Thursday, August 25, 2016

Face-to-Face, Person-to-Person

Radio and TV journalist Edward R. Murrow, was born Egbert Roscoe Murrow on April 25, 1908 in Greensboro, North Carolina; died of lung cancer, April 27, 1965 in Pawling, New York. 

Edward R. Murrow is recognized as the dean of 20th century broadcast journalism. Before Murrow, broadcast journalism was an unwanted stepbrother of the newspapers, and most radio reporters were writers by trade. Murrow’s high standards for reporting and superb narrative skills -- his aim being to report for the ears, not for the page -- raised the bar for all broadcast reporters who would follow him. 

A student orator at Washington State College who served as president of a national college students’ organization, Murrow backed into radio as an educational radio show producer. His duties took him to Europe in 1937, and with World War II brewing, Murrow found himself on the air feeding the hungry demand for news about Hitler as one of America’s first radio foreign correspondents. 

He first captivated American audiences, though, with his dramatic eyewitness reports from London during the Nazi blitzes of 1940. With bombs and air-raid sirens sounding in the background, Murrow would intone with his deep, rich voice, "THIS is London . . . it’s a bomber’s moon out tonight."  Very quickly his influence as a journalist began to eclipse that of the print correspondents, not only because he was beating their reports by several hours, but because millions of listeners soon began to empathize with this man whose voice was coming to them in their living rooms from the heart of the action. Later, Murrow provided commentary while flying in an Allied bombing run over Germany, and accompanied U.S. troops as they liberated the Buchenwald concentration camp. 

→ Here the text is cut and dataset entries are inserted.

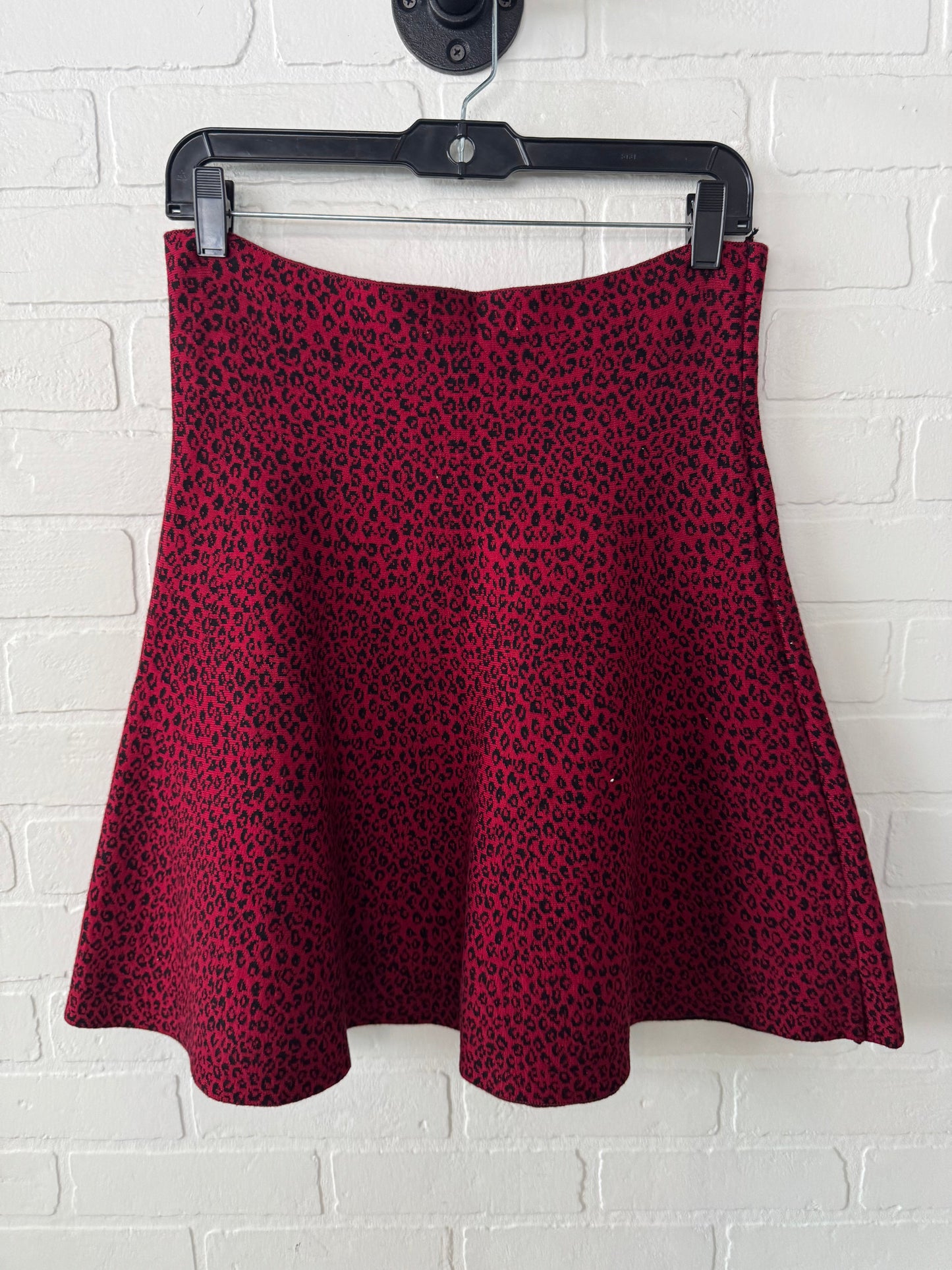 Skirt Mini & Short By classic concepts In Black & Red, Size: 12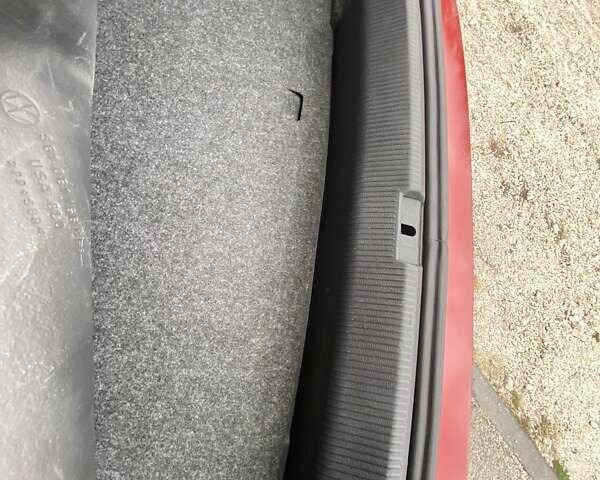 Красный Фольксваген Пассат, объемом двигателя 1.98 л и пробегом 81 тыс. км за 16800 $, фото 52 на Automoto.ua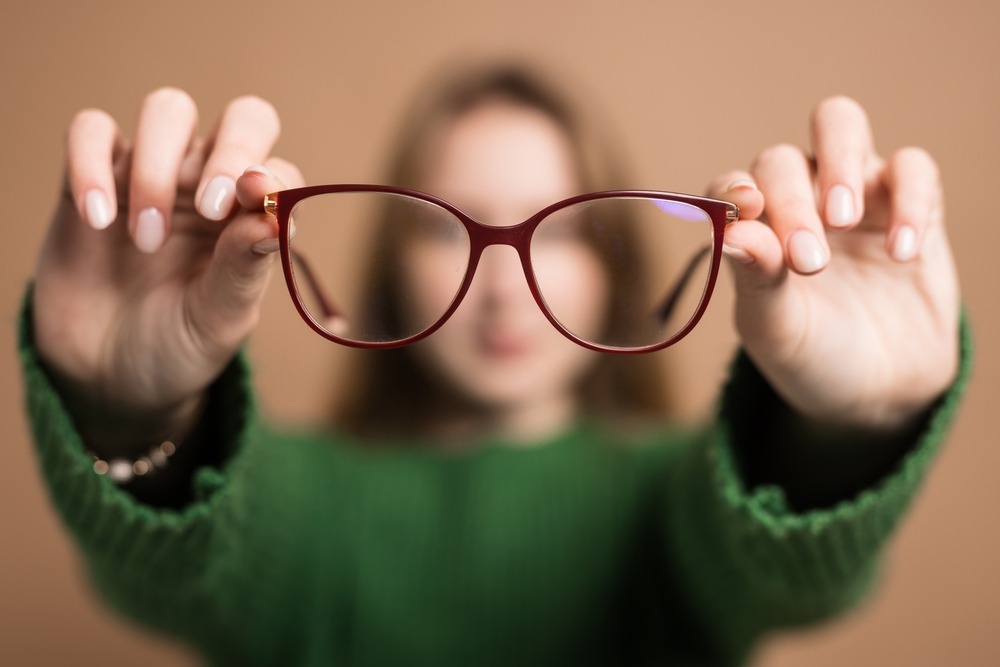Se poate agrava astigmatismul pe parcursul timpului? Factorii care determină schimbările dioptriilor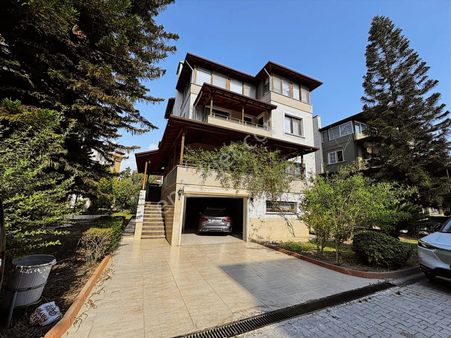 Prestijin Adresi Sezer Sitesi'nde Satılık Villa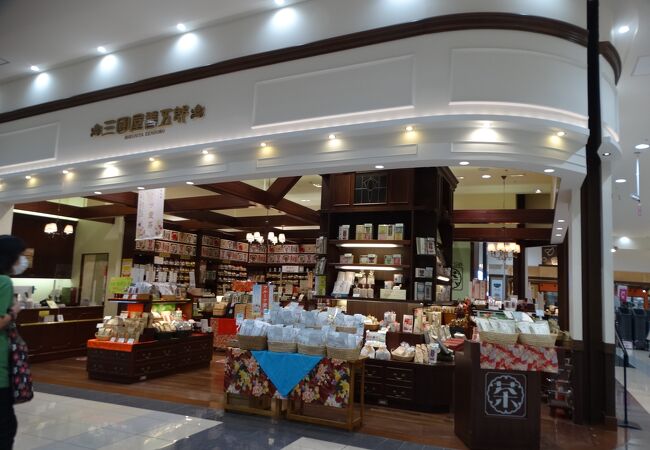 三國屋善五郎 - 新茶続々入荷中です🌱 冬の間に静かにゆっくり眠り しっかり養分を蓄えたお茶の樹。 春一番に芽吹く新芽にはその旨み、甘み、香り、そして栄養分がぎゅっと凝縮されています。 三國屋善五郎では日本各地からよりすぐりの新茶をご用意しております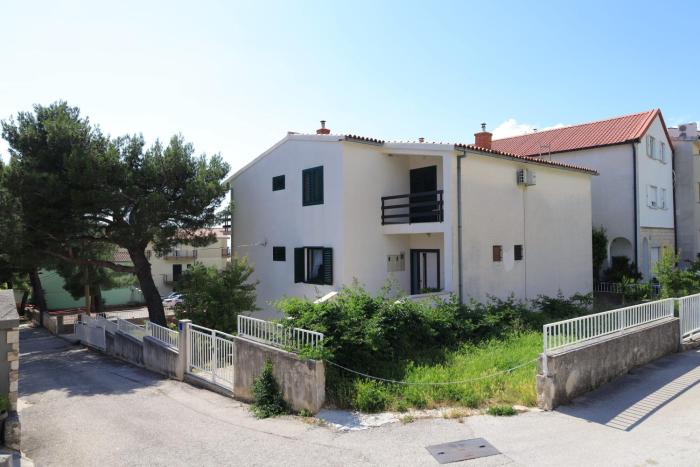 Apartments with a parking space Baska Voda, Makarska - 21337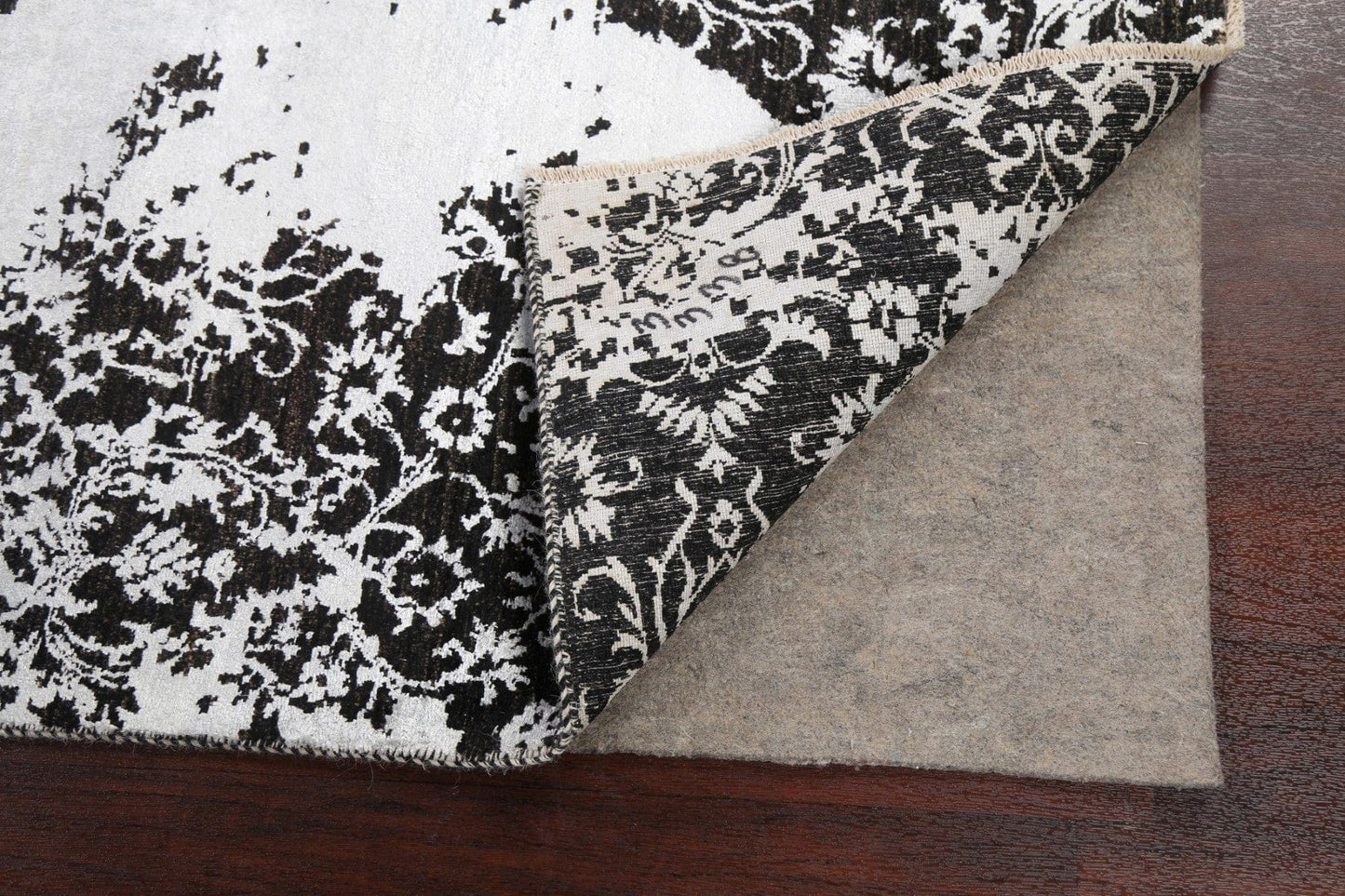 Vegetable Dye Distressed Black/ Silver Abstract Oriental Area Rug 6x9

After the War, Murrow became CBS news director, and led CBS into the television age with his weekly news program See It Now (1951-58), covering such stories as the Korean War, human rights in South Africa and the polio vaccine. During these programs, Murrow exuded the same kind of cool, casual image that he had developed on radio, typically with a lit cigarette in hand and a cloud of smoke around him. After spending two episodes exposing the abusive red-baiting methods of Senator Joseph McCarthy with snippets from McCarthy’s own speeches, McCarthy demanded equal time and accused Murrow of spreading "propaganda for communist causes." As it turned out, Murrow gave McCarthy the chance to ruin himself; public opinion turned dramatically against McCarthy after his angry response, and within a year McCarthy had been censured by the Senate. 

In 1954, Murrow had also introduced a celebrity interview show, Person to Person (1954-59) which featured in-depth interviews of such people as Eleanor Roosevelt, Groucho Marx, Marilyn Monroe and Duke Ellington. Advertisers began to pull their support from See It Now in 1955 due to the controversial nature of Murrow’s reports, leading Murrow to launch an attack against the institution of television in a speech to TV and radio news directors.  Arguing that commercial interests were using the medium to "distract, delude, amuse and insulate" viewers. In 1958, CBS cancelled See It Now, but Murrow continued to do occasional news documentaries, such as his highly-acclaimed report on the conditions of migrant workers, "Harvest of Shame" (1960). 

In 1961, Murrow left CBS to accept an appointment by John Kennedy as head of the U.S. Information Agency, which had as its mission informing the world about American culture and democratic principles; he served there until 1964. George Clooney’s film about the Joe McCarthy feud, Good Night, and Good Luck (2005), named for Murrow’s sign-off slogan and starring David Strathairn as Murrow, is highly recommended.

"It has always seemed to me the real art in this business is not so much moving information or guidance or policy five or ten thousand miles. That is an electronic problem. The real art is to move it the last three feet in face-to-face conversation." -- Edward R. Murrow.